Of course, both of these functions require initiative and humility on the part of authors, and effort and goodwill on the part of those involved in evaluating scholarship–both before and after publication.  These can be serious obstacles: nobody likes to volunteer for criticism; advising law review editors is an often thankless burden on busy faculty; and it can be difficult to promptly and thoroughly respond to legitimate requests for comment from colleagues–I’ve often failed in this regard myself.  But it seems to me that these obstacles would still exist in a world where formal peer review was the norm, they would just manifest themselves in different ways, and with less transparency (see the SAGE investigation I noted at the outset).

Conversely, if the legal academy did move wholesale to the peer-review model that prevails in other disciplines I think we would lose a key function that law reviews historically served (if only with varying success)–the education and professional socialization of the students who edit them.  I know that my service as a law review editor was far and away the most useful element of my preparation for life as a practicing lawyer and as a legal academic–far more useful than anything else I did as a law student, including my summer internships.  And I don’t see how this “perhaps most important” feature of the traditional law review gets replaced in a world where law professors rely entirely on one another for the editorial functions of the scholarly enterprise.
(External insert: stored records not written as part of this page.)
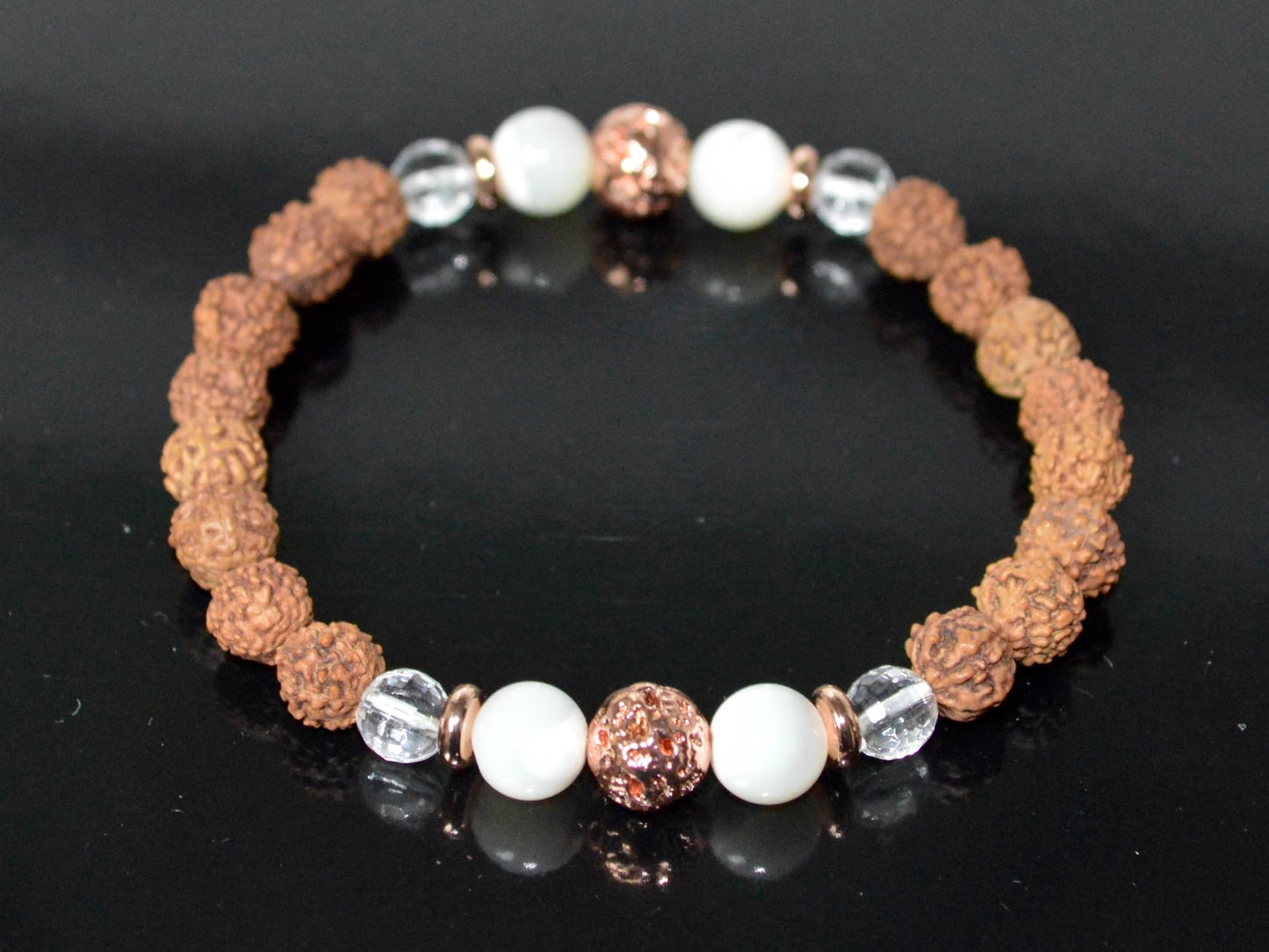 5 Mukhi Chikna Rudraksha, Crystal Quartz, Mother of Pearl and Lava Stretch Bracelet - April Birthstone for Aries, Taurus - Root & Crown Chakra Alignment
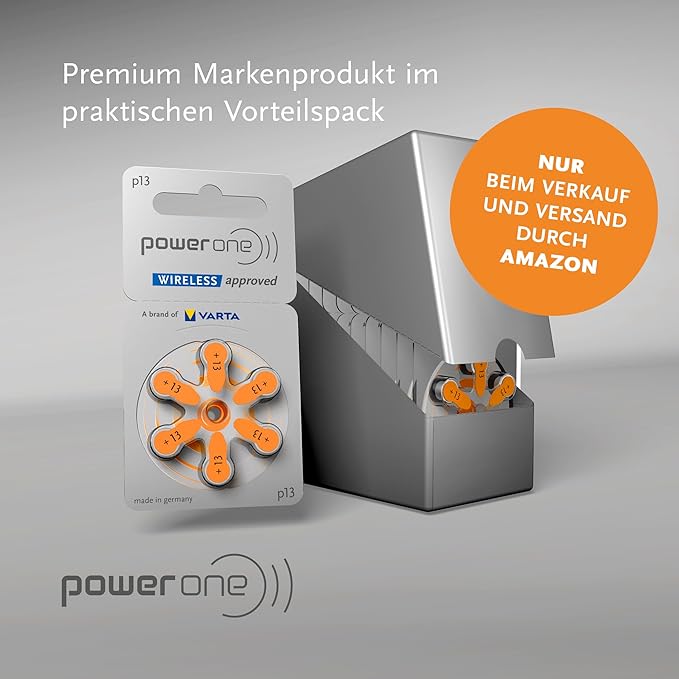 POWER ONE 13 SIZE HEARING AID BATTERIES (60 PCS PACK)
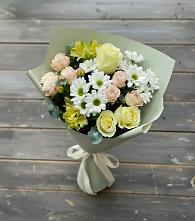 Букет цветов из:  Альстромерии, Розы и Хризантемы в Грушевском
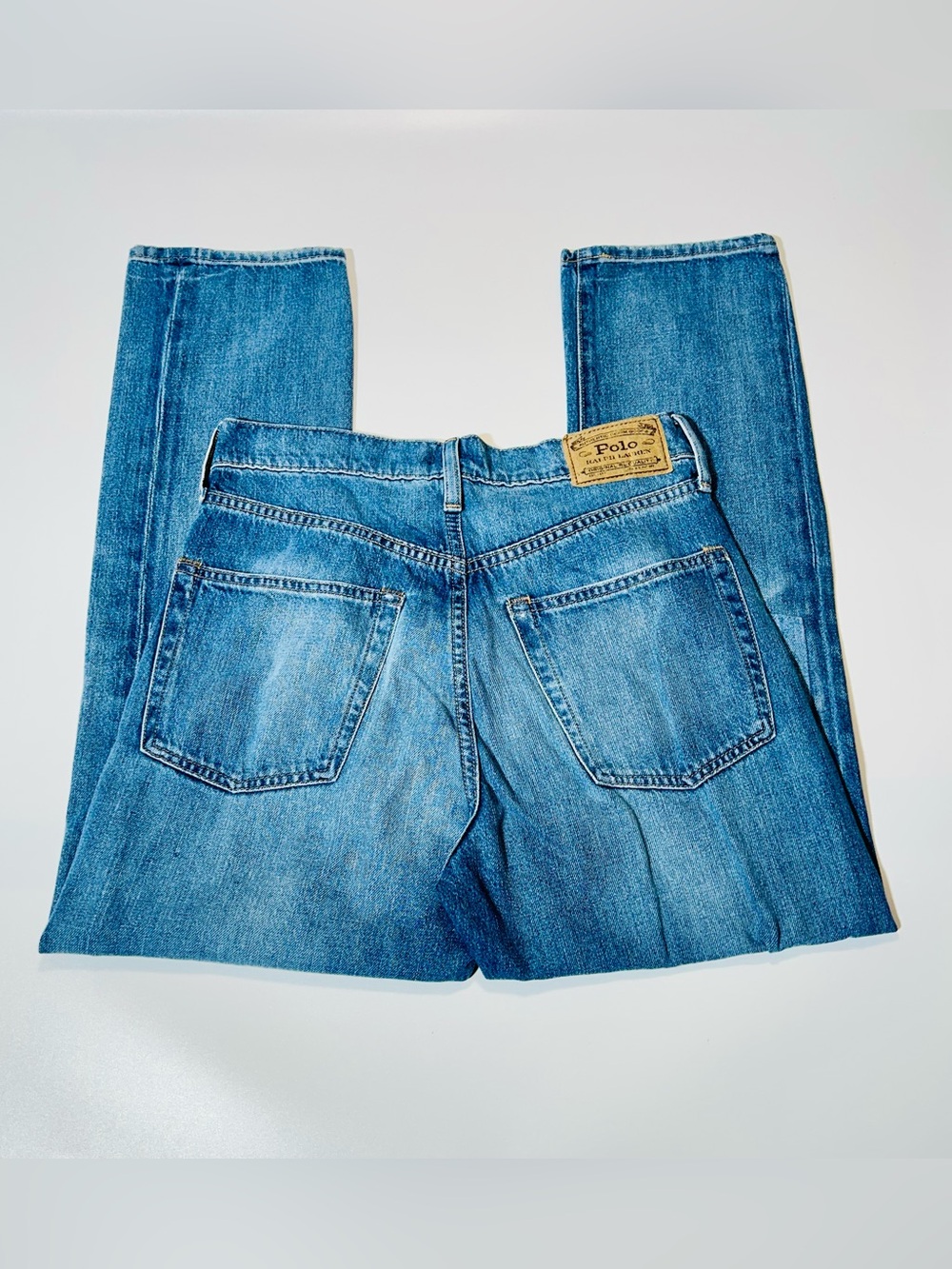 Polo Ralph Lauren Relaxed Straight Crop jeans buttonfly patchwork women size 26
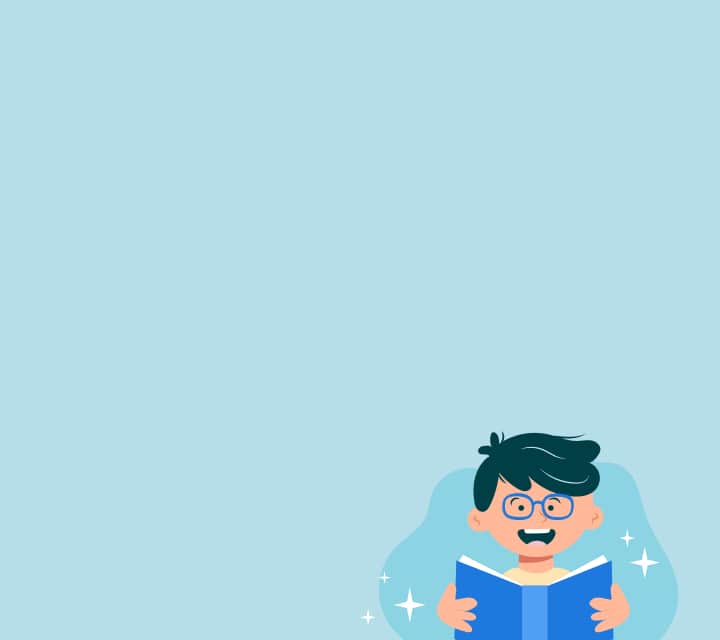 A minimalist illustration of a young boy with dark hair and blue glasses sitting cross-legged and happily reading a blue book, surrounded by white four-pointed stars on a pale blue background.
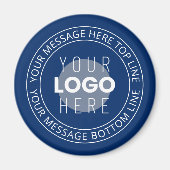 ロゴとカスタマイズ可能な循環文字 | ネイビーブルー マグネット (正面)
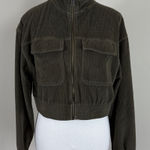 Aerie ‘Groove On’ velour Corduroy Cropped Streetwear Jacket Olive Green Small Photo 0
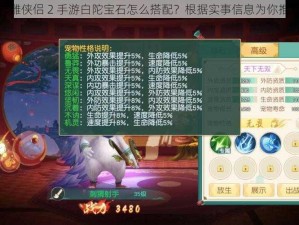 神雕侠侣 2 手游白陀宝石怎么搭配？根据实事信息为你推荐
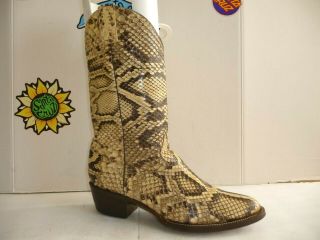 Vintage Men ' s 100 Snake Skin Leather Exotic Cowboy Hand Made Boots.  Size 11 D 3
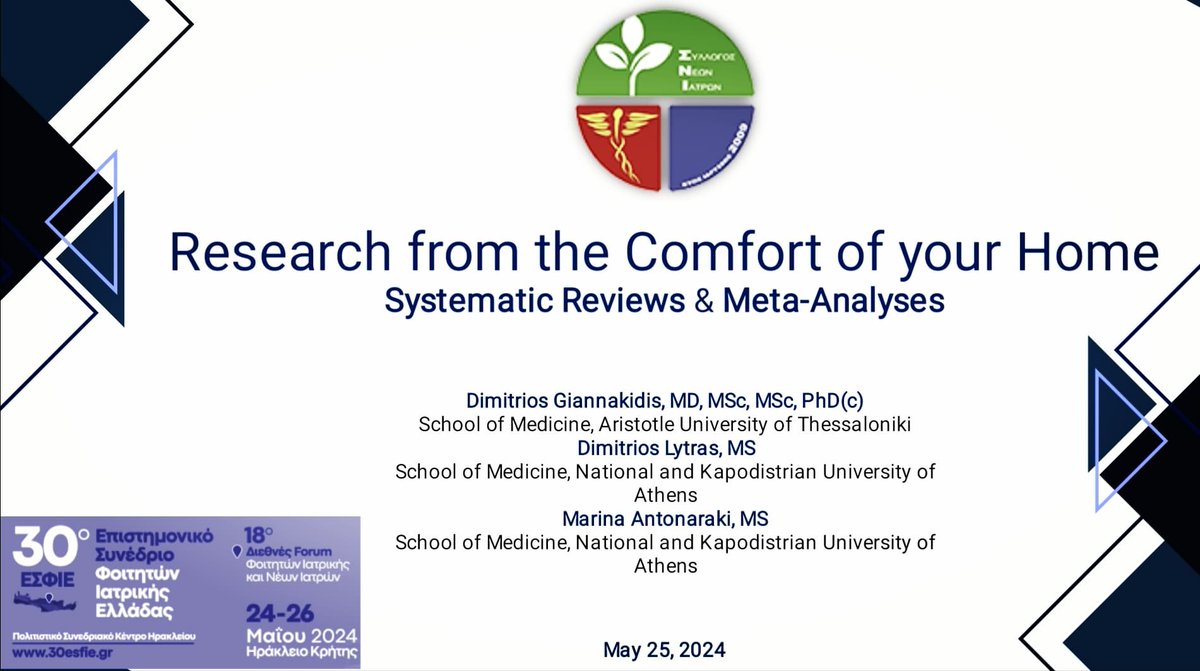 Soc_Jun_Doctors's tweet photo. Moments from the interactive workshop «Research From the Comfort of Your Home: Systematic Reviews &amp; Meta-Analyses»

-> 30th Scientific Congress of Hellenic Medical Students

#society #societyofjuniordoctors #organizingcommittee #education #medicaleducation #MedTwitter https://t.co/18uXtVtPav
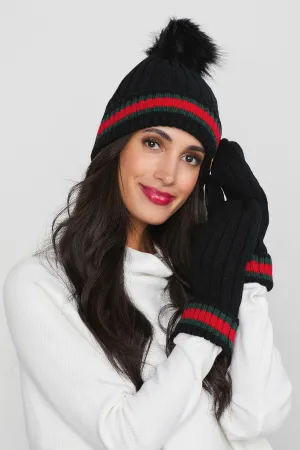 Panache Black with Red/Green Stripe Mittens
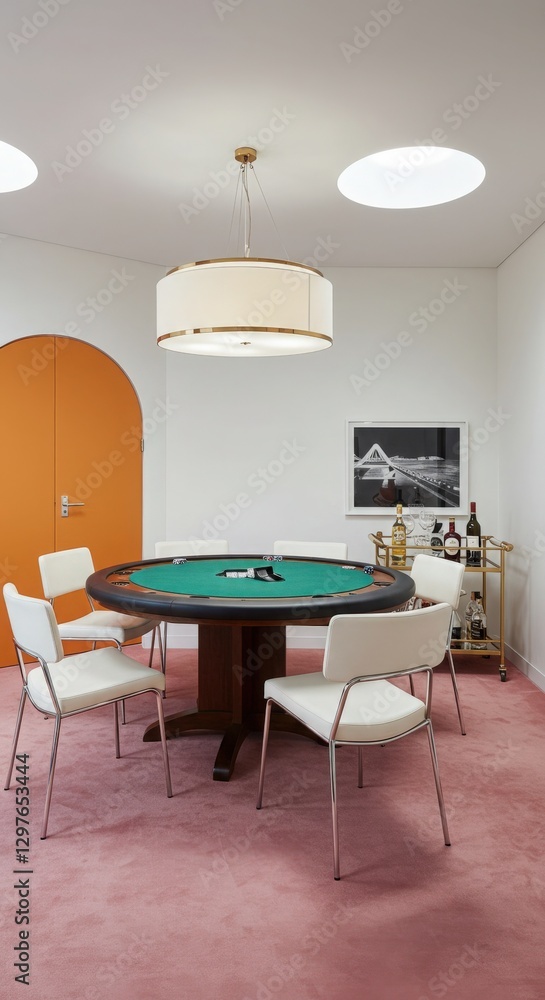 Fototapeta premium white vivid Poker Room design Scandinavian Muji decor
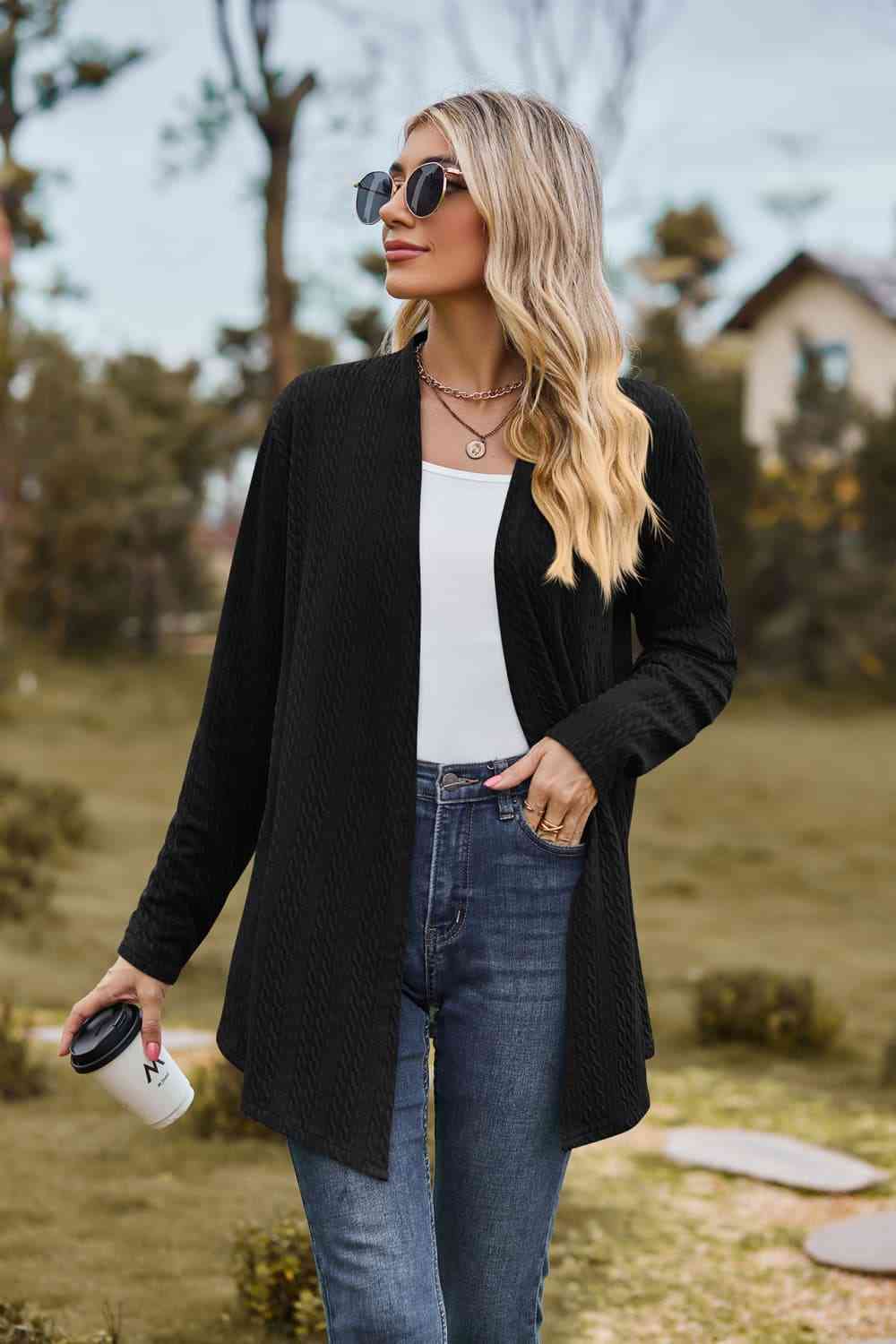 Open Front Long Sleeve Cardigan - Charming Charlie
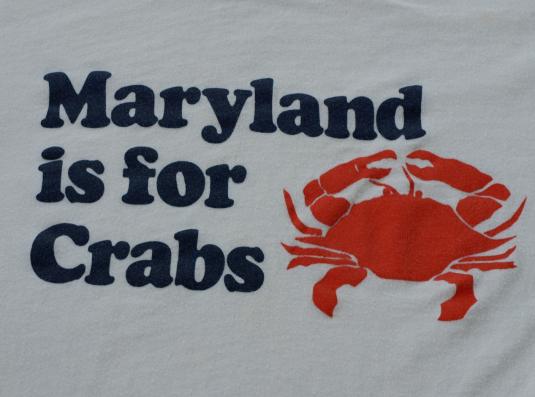 Vintage 1980s MARYLAND Is For CRABS Screen Stars T Shirt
For all the complaints these days about the impracticality of contemporary legal education and scholarship, I’d hate to see an institution I view as having great practical educational advantages abandoned for the uncertain promise of marginally better reputational metrics or marginally more structured professional engagement with pre-publication scholarship.

So while I’m happy to make room for peer-reviewed journals in the big and growing tent of legal scholarship, I don’t see any need for them to supplant student-edited reviews as the leading, let alone the only, journals in the field. The historical accidents that produced today’s legal academic journals have generated some extraordinary opportunities for many of our students; I for one find it very difficult to justify making those opportunities scarcer or less meaningful.